My model is more useful for others if they first realize that nutrient chemicals and pheromones are responsible for adaptive evolution via natural selection. My model will not be useful to those who think more conventionally, for example, about how visual, auditory, or tactile input might cause natural selection because it is clear that they cannot cause natural selection.
It is equally clear that if nutrient chemicals are not sensed, the individual organism will starve to death, and if pheromones are not sensed, reproduction will not be controlled. The species may starve to death if the supply of nutrient chemicals is exhausted by overpopulation of the ecological niche. Starvation may exemplify natural selection, but it does not represent adaptive evolution.
Adaptive evolution is represented when nutrient chemical-dependent ecological niche construction leads to social niche construction by conspecifics. Ecological niche construction and social niche construction then contribute equally to neurogenic niche construction, which allows nutrient chemicals and pheromones to cause changes in intracellular signaling and stochastic gene expression in specialized hormone-secreting nerve cells that enable the development of the invertebrate brain via the effects of chemical input from the sensory environment on the brain’s hormone-dependent neuroanatomical structure and its function.
Nutrient chemicals and pheromones cause changes in intracellular signaling and stochastic gene expression in the hormone-secreting nerve cells of invertebrates, which is an effect on gene expression that extends to vertebrate brain development and construction of our cognitive niche (or as some have called it, our socio-cognitive niche). The term “socio-cognitive” niche attests to the likely role of social odors, called pheromones, as detailed in the eusocial honeybee model organism that I used to link species from microbes to man.
The concept of the socio-cognitive niche also addresses what Jay Feierman wrote about here: “…the perspective of natural selection, modeled as a brainless sensing agent…: What is physical reality is dependent upon the sensing agent.” Microbes and bees may not cognitively sense their physical environment, but nutrient chemicals and pheromones are part of the physical reality that must be sensed by all “sensing agents” in species from microbes to man.
I mentioned here that “In Human pheromones and food odors: epigenetic influences on the socioaffective nature of evolved behaviors I modeled natural selection as if it were a sensing agent for nutrient chemicals and pheromones.” I also restated that “Olfaction and odor receptors provide a clear evolutionary trail that can be followed from unicellular organisms to insects to humans.” It seems that then even Jay Feierman lost interest in what he said was his idea of “Modeling Natural Selection As If It Were A Sensing Agent.”
Indeed, after a very convoluted post Re: Physical reality and Natural Selection, Feierman seems to have changed his perspective on physical reality and natural selection because he wrote: “I’m using that as a foundation for talking about physical reality from the perspective of natural selection, when one is modeling natural selection as a sensing agent, which it is not (my emphasis).  Does this sudden reversal of his idea to model natural selection as the equivalent of a sensing agent, as he indicated might be useful, mean that his idea is not to be considered useful in discussions of physical reality from the perspective of natural selection? Or does his sudden reversal mean that my model of natural selection as a sensing agent is not useful as a foundation when talking about physical reality.
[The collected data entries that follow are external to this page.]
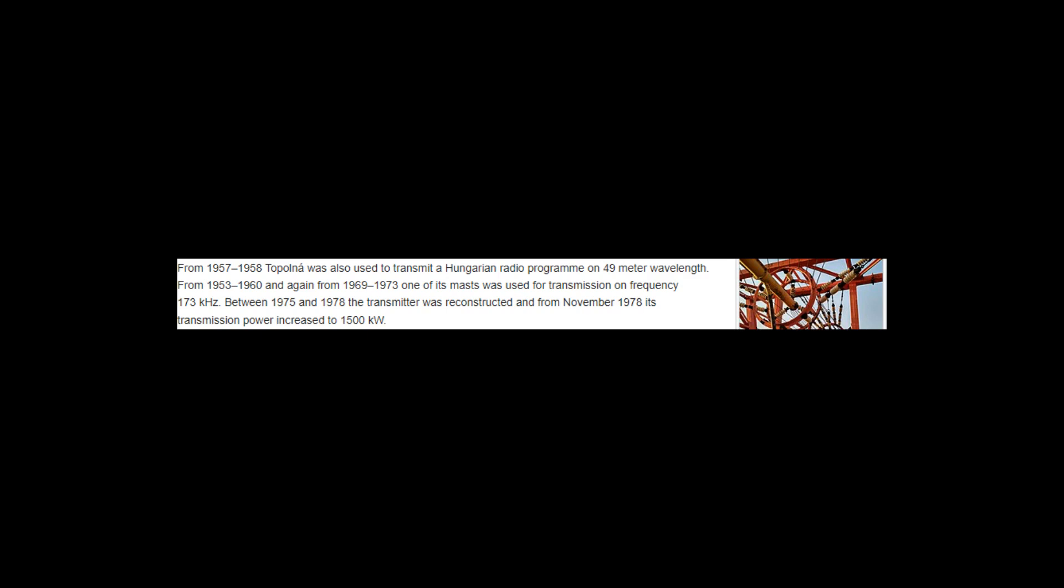Between 1975 and 1978 the transmitter was reconstructed and from November 1978 its transmission power increased to 1,500 kW. On October 1, 1989 the frequency was changed to 270 kHz.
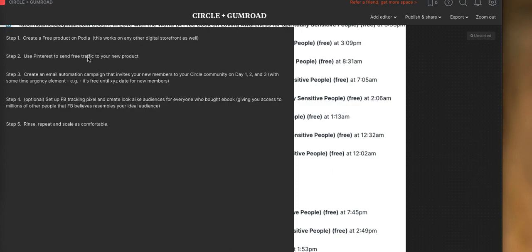All right, so step one: create a free product on Podia. Again, as I mentioned at the outset, this works for any other digital storefront as well. If you're using Gumroad, which we are too, if you're using Kajabi, which we're not, but Teachable, Thinkific, whatever, WooCommerce, it doesn't really matter.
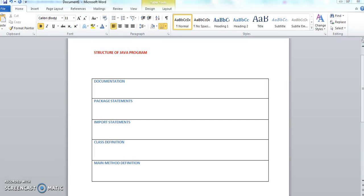Hi guys, welcome to javainterviewquestions.com. This is Sandeep. Today we'll start our tutorial series on Java, and the first tutorial is the structure of a Java program. We'll go through the series of Java tutorials with the help of examples — I'll be concentrating more on the examples part, giving a little explanation about the theory.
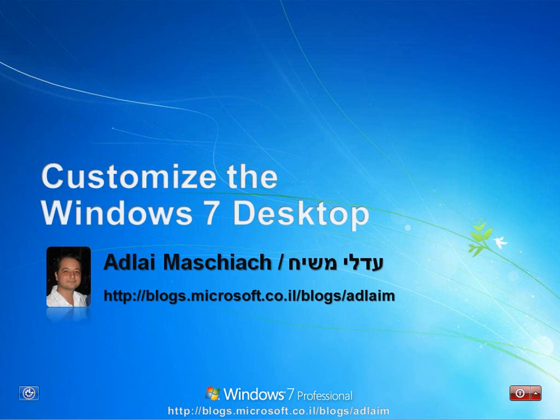This short video was about customization of the Windows 7 desktop, so we can customize our desktop now. I was Adlai Mashiach. Hope you enjoyed our video. Hope to see you soon. Bye-bye.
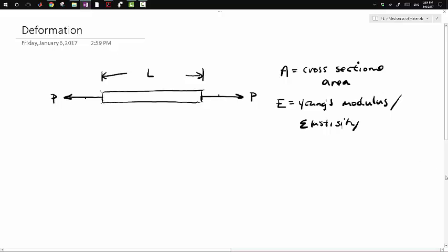Young's modulus is a measure of the stiffness of the material. We can use the following equation to find the deformation of this member. The deformation, or delta, is equal to P (the loading) times the length, divided by Young's modulus times the cross-sectional area: δ = PL / EA.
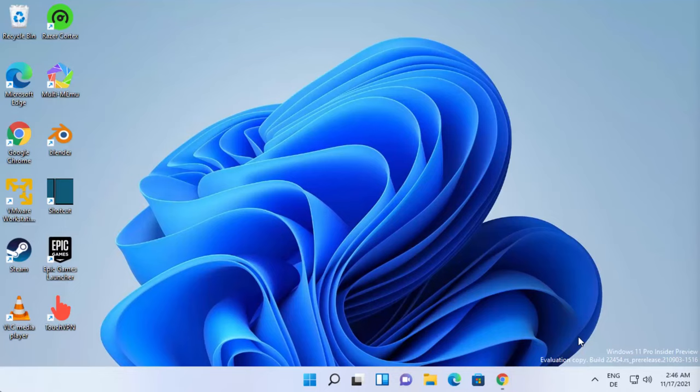Hey guys, in this video I'm going to show you how you can download and install LibreOffice on your Windows 11 operating system. LibreOffice is a free and powerful office suite and it's generally seen as a free alternative to Microsoft Office.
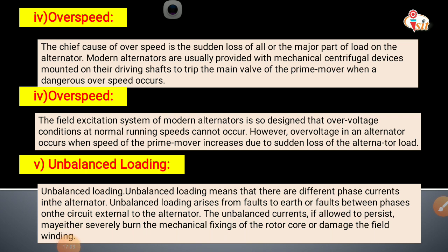The next fault is overspeed. The chief cause of overspeed is the sudden loss of all or a major part of the load on the alternator. Modern alternators are usually provided with mechanical centrifugal devices mounted on their driving shafts to trip the main valve of the prime mover when a dangerous overspeed occurs.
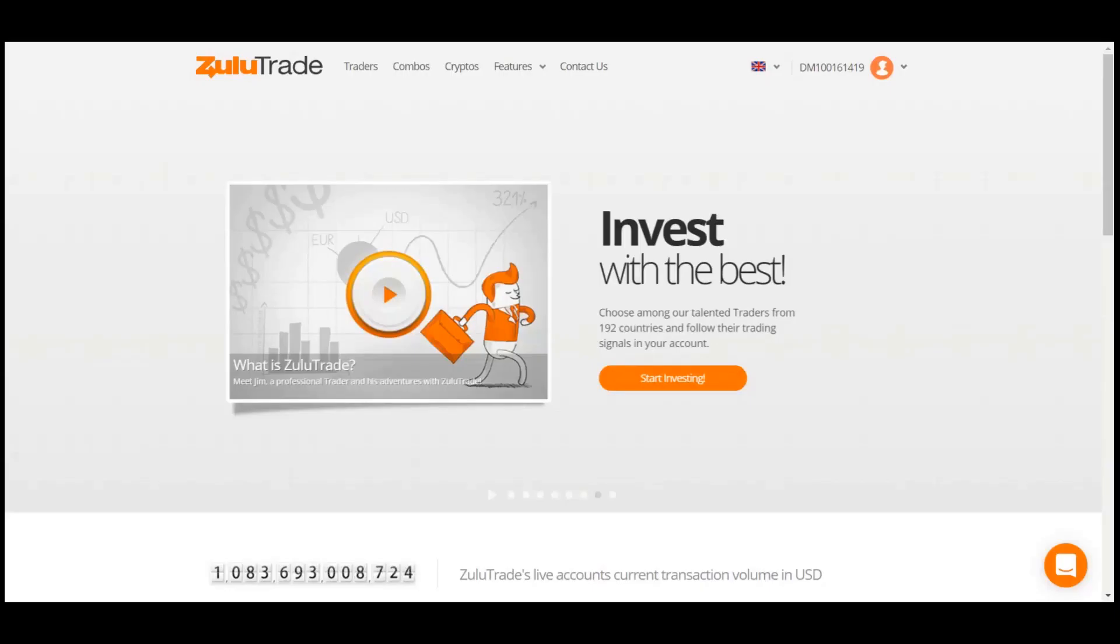Hello and welcome to the Education Center of ZuluTrade. In this video, we will show you how you can use the Traders Advanced Search filter.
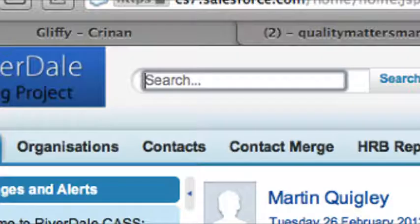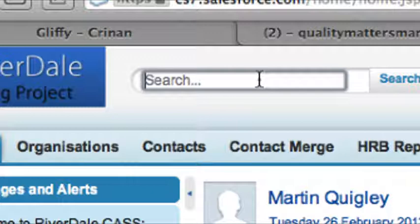From the home page, first of all find the client that you want to enter details for. We'll look for Joe Blogs.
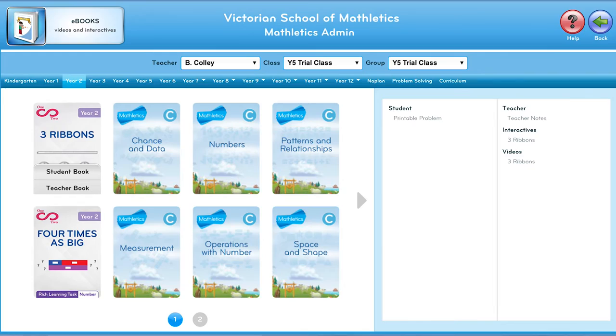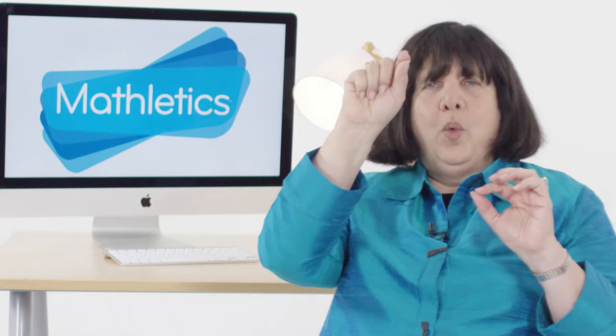You can find these activities in the teacher console. You would look for the e-books and look for your grade level, and what you'll find are activities that are identified as rich problems. There will be a little 'one to infinity' logo on them to indicate I created these problems, and they appear at various grade levels.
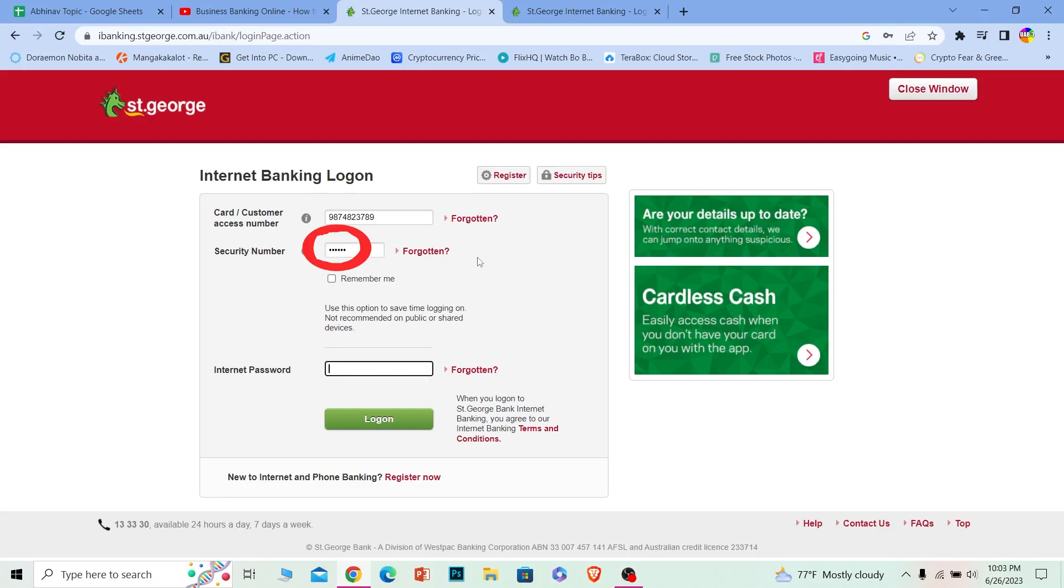I'll just write my security number, and where it says Internet Password, I'll enter my account password. Just click on Log On, and I should be able to log into my St. George online banking account.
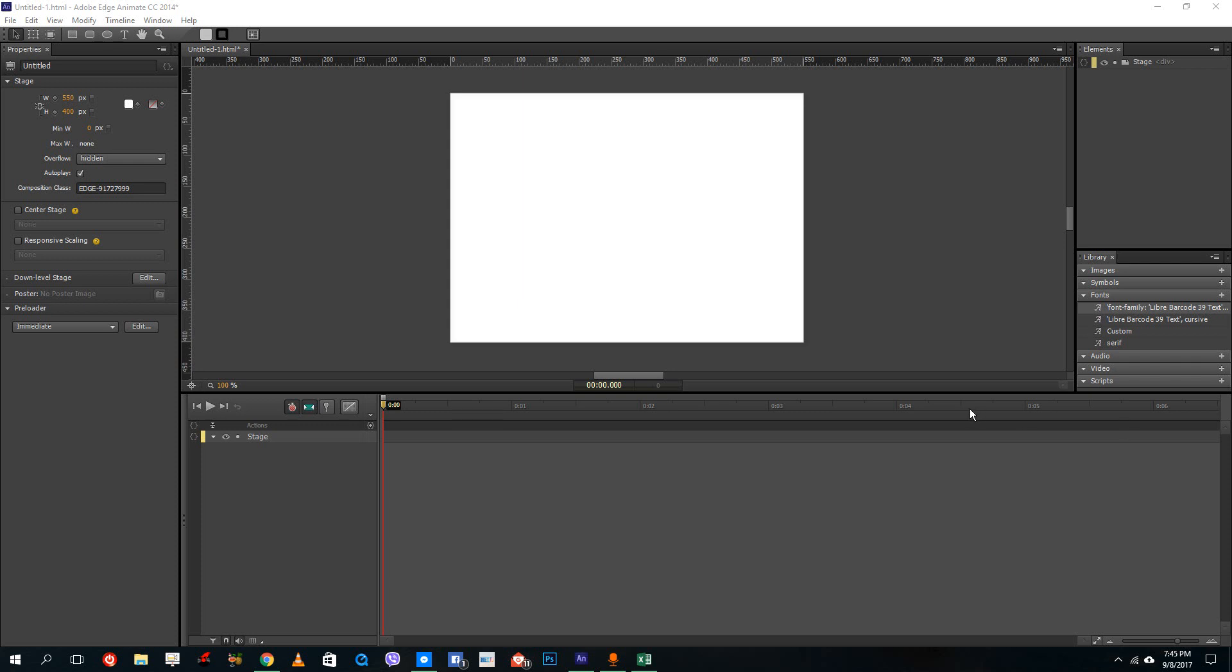Hello YouTube and welcome to lesson 13 of the Adobe Animate tutorial series. Today we're going to look at how we can embed Google web fonts inside of Adobe Animate.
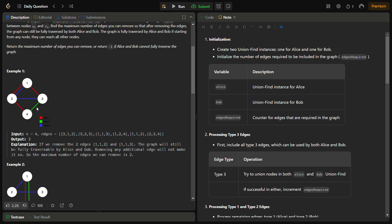If you see carefully, since we have a type 3 edge between 1 and 2, why do we need a type 1 edge between 1 and 2? We can use the type 3 edge for both Alice and Bob, so we can remove that red line. We can also remove the edge between 1 and 3, because we can traverse from 1 to 3 by going through node 2. So removing these 2 edges still leaves the graph completely traversable by both Alice and Bob.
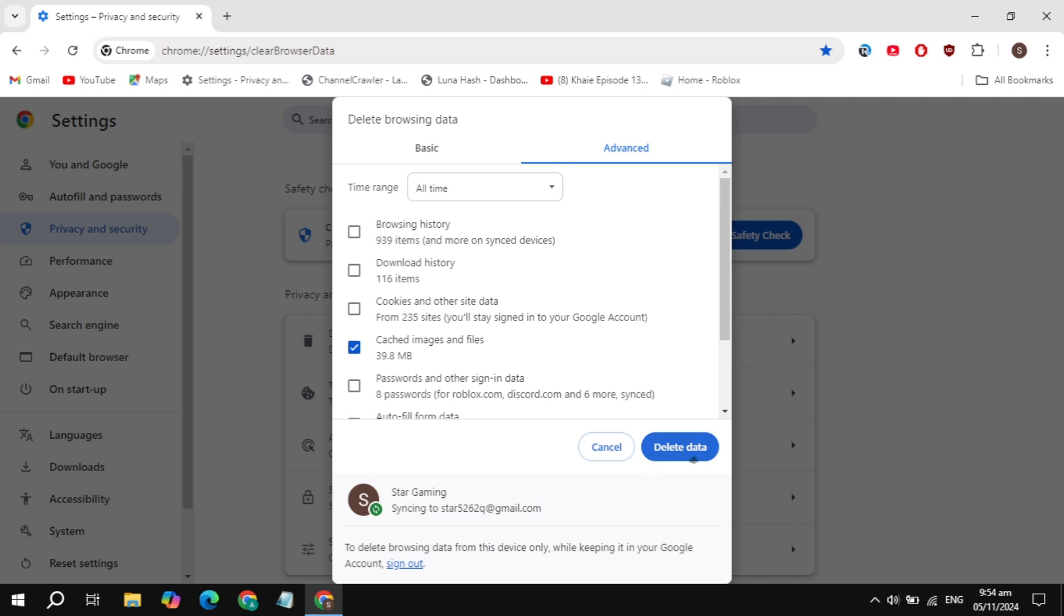This will also increase your Google Chrome download speed and overall speed.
Is there other physical reality for human behavior that is more important than the molecular biology I used in a model that incorporates what Feierman indicated was his idea of natural selection as a sensing agent? My idea is that nutrient chemical-dependent ecological niche construction and pheromone-dependent social niche construction contribute equally to the neurogenic niche construction that is responsible for adaptive evolution, development of the mammalian brain, and construction of our socio-cognitive niche.